The whole Summer Associates program seems to be shrinking more and more every year. Since almost all of those that go through the SA program end up leaving at the end of 4-6 years of practice at the firm, why hold on to this old way of thinking? Perhaps the better approach is to hope that other firms continue the SA program, then after they’ve got them trained and ready, swoop in and steal… er, “lateral” them into your firm.
It’s old hat to say the Yellow Pages doesn’t matter for lawyers any more, but frankly I think that same obsolescence extends to lawyer-specific directories like Martindale Hubbell and, dare I say it, even Avvo and Superlawyers. These directories produce minimal client intake and even less client conversion; the question isn’t if they are the wave of the future, because they’re not, but if they’re even worth the bother once a lawyer has a modest web presence with their own professionally designed website. I’m going to plant a flag and say that, in five years, Martindale will be as bad as the Yellow Pages and Avvo will be as bad as Martindale.
Search engines with proprietary content
I think the trend will move away from purchasing multiple search engines, each with their own proprietary content (i.e. Lexis, Westlaw) to purchasing one search engine and then subscribing to the content for that engine separately. So, for example, using the search engine on Lexis to access the web, West content, BNA content, CCH content. This would be true enterprise search.

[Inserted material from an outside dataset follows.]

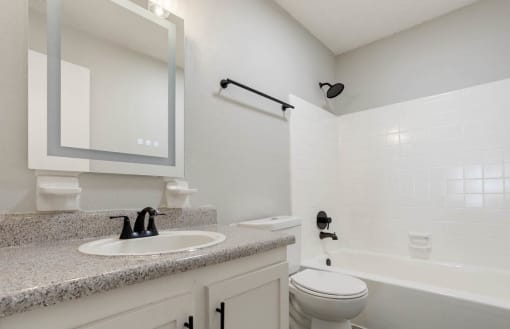 a bathroom with a smart mirror, sink vanity, toilet, and tub/shower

Why Do You Really Belong to a Professional Association?
I think that ILTA is one of the last of the Summer Professional Conferences, and we have a number of posts lined up from some of the folks who went to Nashville and learned something from (or about) their peers. I’m a big AALL advocate (I am on the Executive Board, you know), but there are always issues that arise with professional organizations that cause grumbling amongst the members. Instead of more grumbling, however, what we wanted to know is why do you really belong to a professional association? What are your expectations that such an organization can and cannot do? So, pick one or two of the professional associations you are a member of and what you find are the benefits you receive from that association.